The Evening Standard investigation into the BBC continued yesterday with an article headlined “How the BBC survives.”
In part two Stephen Robinson writes about “how much [the BBC] feels like a government department and how little like a news operation”.
An unnamed BBC source said: “Everything shuts down at six o’clock, and Television Centre is deserted at the weekend, which is amazing when you think that it’s part of one of the biggest media organisations in the world.”
He says: “As details have emerged of the enormous salaries of the executives and the on-screen ‘talent’, old-school journalists who believe in the public broadcasting ethos seethe at top management’s failure to appreciate the damage done to their beloved institution.”
A well-known TV presenter told Robinson: “I call it Kremlinitis.

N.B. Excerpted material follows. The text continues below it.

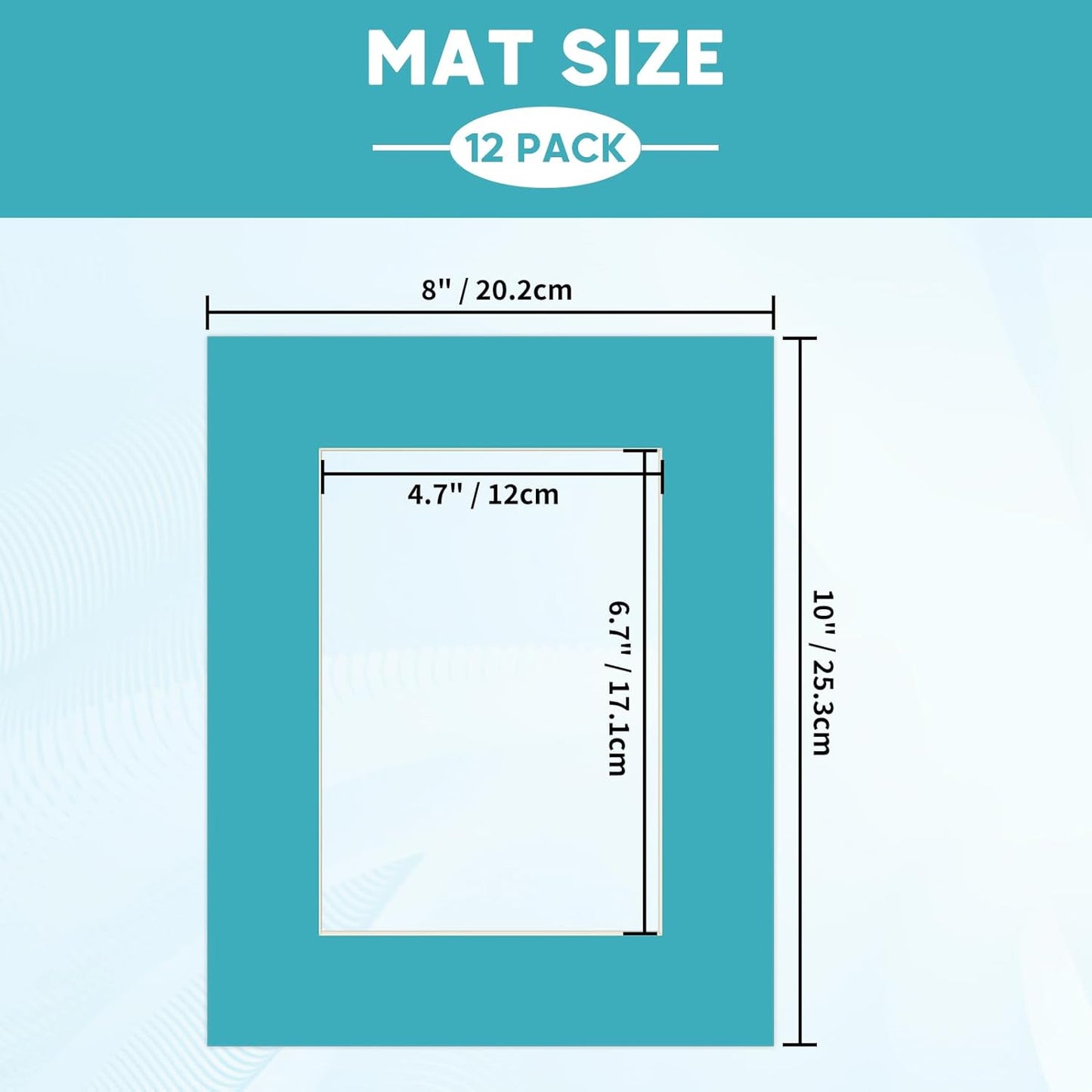 ZBEIVAN 12 Packs Mixed Colors 8x10 Picture Frame Mats for 5x7 Photos, Artworks and Prints, White Core Bevel Cut Frame Mattes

Those at the top spend their whole time talking to each other, so they are genuinely surprised by outside criticism.”
Robinson goes on to criticise director general Mark Thompson saying: “More revealing is Thompson’s assumption that only the BBC’s rivals have motives, while the corporation itself is driven solely by a post-Reithian altruism.”
But Robinson does admit “that the BBC may not get enough credit for its commitment to quality programming and good journalism”.
One presenter told Robinson: “”I’ve always said the BBC is a horrendous institution that happens to make rather good programmes,” but “the institution has got worse, and the programmes rather less good in recent years”.